The Australian Film Institute (AFI) was founded in 1958 as a non-profit organisation devoted to developing an active film culture in Australia and fostering engagement between the general public and the Australian film industry. It is responsible for producing Australia's premier annual film and television awards, the AACTA Awards (previously the AFI Awards).

==Overview==
The work of the institute is supported by government funding, corporate sponsors and approximately 10,000 members nationally. As Australia's foremost motion picture industry association, AFI promotes the Australian film and television industry and plays a central role in the way in which the Australian film industry is known and understood, both locally and internationally.

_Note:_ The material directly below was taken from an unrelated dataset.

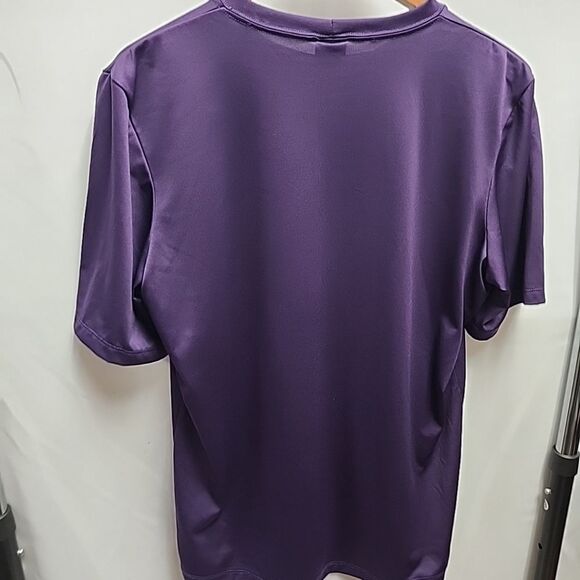 Patagonia Capilene Cool Daily Tee T-Shirt Short Sleeves Solid Purple Men's M - Picture 5 of 9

In the 1970s, the AFI played a prominent part in reviving the Australian film industry and in convincing the government to invest in the creation of the Experimental Film Fund, a film school, and a corporation for advancing feature film production. The year 1976 marked the first time that the AFI Awards, which had been given since 1958, were televised. Ten years later, television categories were added to the awards.

A recent focus of the organisation has been on helping to develop the careers of Australian film artists, through the AFI Fellowship and AFI Documentary Trailbrazer programs, as well as with the AFI Young Film Actor Award.

The AFI is affiliated with the Los Angeles Australian Film & Television Association. In August 2011, AFI formed a subsidiary professional organisation, the Australian Academy of Cinema and Television Arts.

==AFI Research Collection==
The AFI Research Collection is a significant non-lending, specialist film and television industry resource. The collection operates under the auspices of RMIT University's School of Media and Communication in conjunction with the Australian Film Institute. The collection has particular strengths in screen history and theory and in Australian cinema, and features a diverse range of books, journals, film scripts, film directories, reports and film festival catalogues.